5:15 PM - 6:45 PM
[ACG34-P05] Dynamical downscaling of future sea level change around Japan using high-resolution ocean model
Keywords:Sea level change, Dynamical downscaling, Global warming, Kuroshio Current
Sea level rise is one of the most apparent manifestations of global warming, and it directly threatens coastal areas due to increased erosion and more frequent storm-surge flooding. Results from Global Climate Models (GCMs), such as those involved in CMIP6, have played an important role in informing diverse assessments of future impacts of climate change. However, the raw outputs are insufficient to address the issues of concern to stakeholders. The two primary impediments to impact studies are that the spatial scale of the GCMs may not be as fine as end users require and that the raw output is likely to contain biases relative to observed data, requiring some bias correction. Since increasing the resolution of GCMs requires considerable computational resources and may not improve regional biases, downscaling techniques are required to use GCM outputs in impact assessment studies. Therefore, Nishikawa et al. (2021) integrated a high-resolution regional ocean model for impact assessment studies of the Japanese coastal area with boundary conditions for outputs of CMIP GCMs. They created a 2km mesh high-resolution oceanographic dataset to assess the effects of global warming. However, as their model is directly forced by GCM outputs with biases in the meridional position of the westerly jet, the dataset includes climatological biases in the Kuroshio current pathways.

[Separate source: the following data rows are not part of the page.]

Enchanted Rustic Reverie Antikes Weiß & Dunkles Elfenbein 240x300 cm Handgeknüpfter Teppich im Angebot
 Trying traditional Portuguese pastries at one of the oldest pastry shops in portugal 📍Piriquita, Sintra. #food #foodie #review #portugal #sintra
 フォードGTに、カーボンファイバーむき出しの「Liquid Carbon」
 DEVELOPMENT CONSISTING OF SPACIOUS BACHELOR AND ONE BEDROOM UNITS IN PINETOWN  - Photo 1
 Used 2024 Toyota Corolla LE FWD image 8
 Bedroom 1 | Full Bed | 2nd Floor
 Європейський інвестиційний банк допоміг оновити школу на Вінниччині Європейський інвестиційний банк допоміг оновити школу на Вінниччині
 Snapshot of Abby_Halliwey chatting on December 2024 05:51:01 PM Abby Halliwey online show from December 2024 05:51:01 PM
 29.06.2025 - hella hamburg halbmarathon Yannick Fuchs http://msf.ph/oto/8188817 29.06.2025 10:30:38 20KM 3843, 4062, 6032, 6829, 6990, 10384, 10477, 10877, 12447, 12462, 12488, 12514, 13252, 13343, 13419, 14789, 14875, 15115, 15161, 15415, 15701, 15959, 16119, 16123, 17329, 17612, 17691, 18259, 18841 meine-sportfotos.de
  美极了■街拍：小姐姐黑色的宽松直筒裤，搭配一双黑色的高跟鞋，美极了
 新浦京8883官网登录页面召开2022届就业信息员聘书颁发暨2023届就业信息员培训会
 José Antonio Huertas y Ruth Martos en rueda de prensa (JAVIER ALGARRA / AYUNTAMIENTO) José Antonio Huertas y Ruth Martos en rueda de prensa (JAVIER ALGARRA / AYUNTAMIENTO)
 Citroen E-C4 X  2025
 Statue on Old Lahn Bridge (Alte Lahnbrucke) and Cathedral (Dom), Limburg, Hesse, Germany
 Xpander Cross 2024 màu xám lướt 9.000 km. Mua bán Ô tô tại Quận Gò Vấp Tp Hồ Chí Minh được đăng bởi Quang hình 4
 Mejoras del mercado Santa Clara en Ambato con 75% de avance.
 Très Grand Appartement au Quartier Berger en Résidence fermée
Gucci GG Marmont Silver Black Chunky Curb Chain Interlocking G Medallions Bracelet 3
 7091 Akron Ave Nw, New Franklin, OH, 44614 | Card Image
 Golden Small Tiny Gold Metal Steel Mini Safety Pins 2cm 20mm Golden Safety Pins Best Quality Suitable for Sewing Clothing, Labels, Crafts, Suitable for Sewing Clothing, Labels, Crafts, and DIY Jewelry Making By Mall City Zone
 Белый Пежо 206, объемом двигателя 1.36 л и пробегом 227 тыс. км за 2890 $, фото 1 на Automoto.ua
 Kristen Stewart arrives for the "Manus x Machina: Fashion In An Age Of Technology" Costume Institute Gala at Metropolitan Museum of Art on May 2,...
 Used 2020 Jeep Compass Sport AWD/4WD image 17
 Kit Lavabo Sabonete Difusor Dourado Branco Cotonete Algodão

To mitigate this climatological bias, we used the observation-based atmospheric reanalysis data (JRA55-do) as a boundary condition to simulate a high-resolution ocean model (COCO5 with 10km horizontal resolution) and added future warming anomalies from GCMs as a boundary condition to assess the impact of warming. The anomalies for future warming are estimated as the difference between the climatological values of the historical experiment (1981-2010) and the climatological values during 2081-2100 (4℃ warming experiment) and 2041-2060 (2℃ warming experiment) for the SSP585 scenario of MIROC6. Note that the interannual variability in this experiment remains the same as in JRA55-do and does not include modification of interannual variability due to global warming. The large-scale sea level response around Japan in this simulation is consistent with the results of the CMIP6 model ensemble, but the response is sharper around the Kuroshio Current. Details will be shown in the presentation.